**Data shown**:
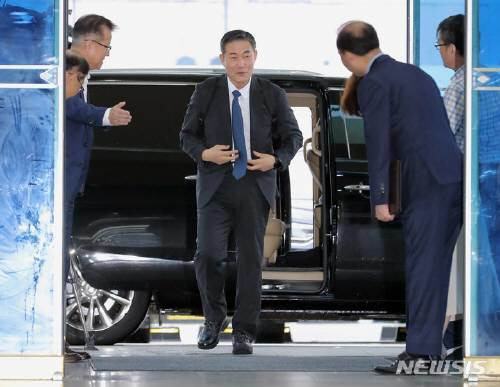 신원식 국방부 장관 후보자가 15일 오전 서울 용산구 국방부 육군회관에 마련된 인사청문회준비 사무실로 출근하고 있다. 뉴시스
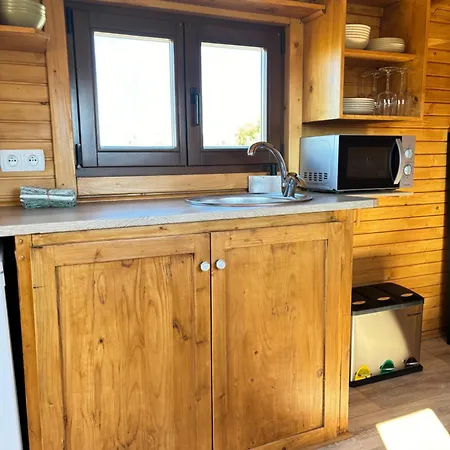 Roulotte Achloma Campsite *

--

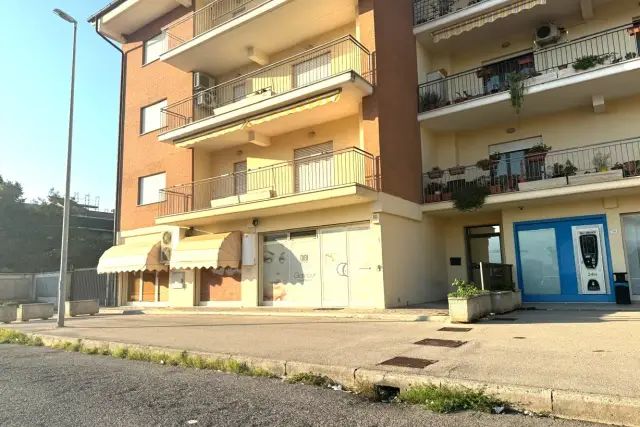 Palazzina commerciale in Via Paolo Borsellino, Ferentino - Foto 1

**Task details**:
Print, exactly and with no pictures, the lines of the listing above starting at the one that has "신원식 국방부 장관 후보자가" and ending at the one that has "Roulotte Achloma Campsite *", both included.

**Written reply**:
 신원식 국방부 장관 후보자가 15일 오전 서울 용산구 국방부 육군회관에 마련된 인사청문회준비 사무실로 출근하고 있다. 뉴시스
 Roulotte Achloma Campsite *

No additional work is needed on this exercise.